The humble bricklayer may also be at risk of automation.  A new robot, called the semi-automated mason (or SAM), offers automated bricklaying services.

The robot will perform many of the more rote tasks associated with bricklaying, such as picking up the bricks, applying the mortar and placing them in the correct location.

Such advances are driven by advances such as the recent MIT project to improve collaboration and coordination between robots.

Robots in the Shipyard

A recent EU backed project is bringing such technologies to the shipyard.  The CARLOS project was recently completed to showcase the use of automation in a semi-structured environment.

It’s the kind of environment that has traditionally stumped researchers.  Most modern shipyards utilize block construction, whereby chunks of the ship are constructed in the ship yard and then joined together at the building dock.

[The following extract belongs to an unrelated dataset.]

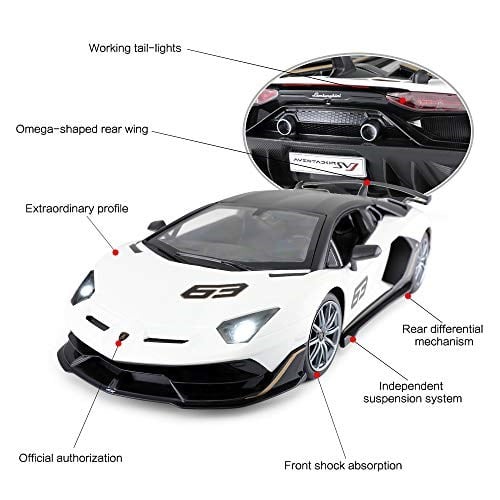 SUNMAN R/C Araba 1/14 Lamborghini Aventador Svj F/F Işıklı 24Ghz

It’s very repetitive, not to mention dangerous, and is typically done by manual labor.  The environment has proven beyond automation, until now at least.

The initial trials of CARLOS showed that it was capable of performing semi-autonomous navigation within the various blocks of the ship.  It navigated using data from the CAD file and was capable of performing stud welding and mark information onto cabin walls to support the work of human laborers.

Collaborative Robots

The researchers used many of the collaborative techniques demonstrated in the MIT project mentioned earlier to allow the robots to cooperate in the complex environments in which they were placed.

The team hope that CARLOS will eventually be capable of operating in a host of industrial and civil construction sectors, with the eventual aim being that it provide a strong competitive edge to European based manufacturers.

The project was recently awarded first prize in the FreeBots competition at the Festival Nacional de Robótica, a Portuguese national robotics competition that aims to show off cutting edge R&D.